# DATA TO PROCESS:
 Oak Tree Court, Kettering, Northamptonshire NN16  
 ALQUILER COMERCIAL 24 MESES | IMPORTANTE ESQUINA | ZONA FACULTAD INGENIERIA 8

==

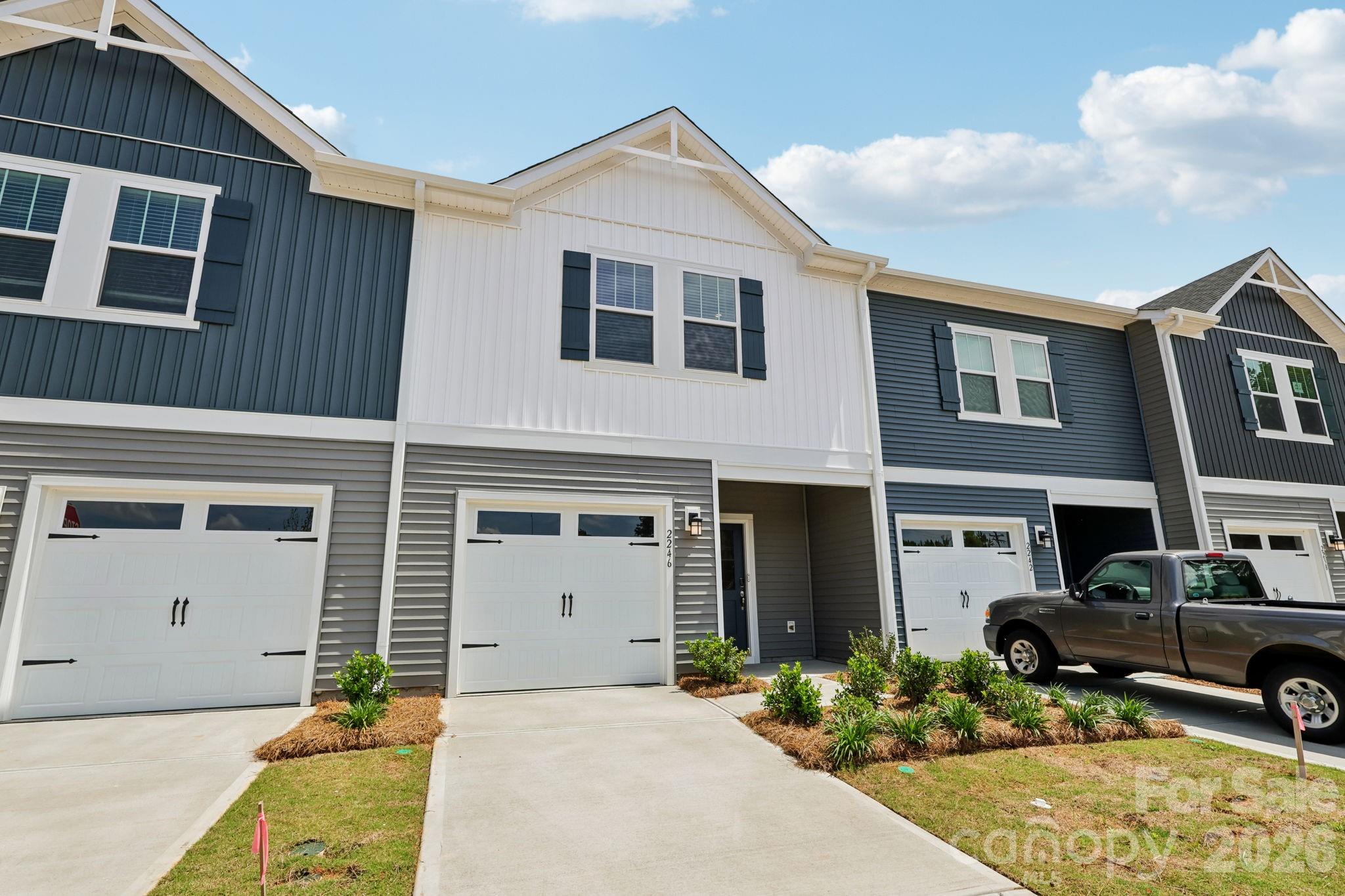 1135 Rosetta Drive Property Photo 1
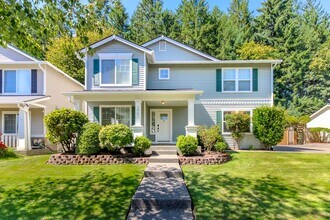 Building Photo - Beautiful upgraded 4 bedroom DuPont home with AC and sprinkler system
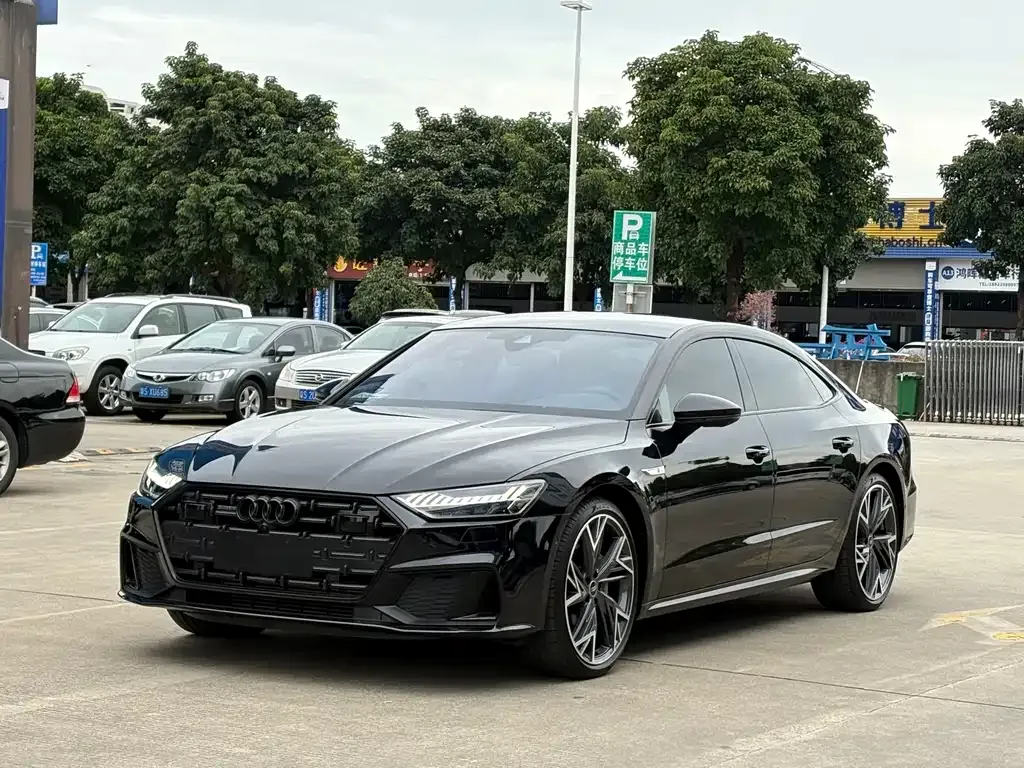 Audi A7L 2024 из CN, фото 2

# PROBLEM STATEMENT:
Using the records above, restate word for word the lines from the one with "Oak Tree Court, Kettering, Northamptonshire" through the one with "ALQUILER COMERCIAL 24", both included.

# WRITTEN SOLUTION:
 Oak Tree Court, Kettering, Northamptonshire NN16  
 ALQUILER COMERCIAL 24 MESES | IMPORTANTE ESQUINA | ZONA FACULTAD INGENIERIA 8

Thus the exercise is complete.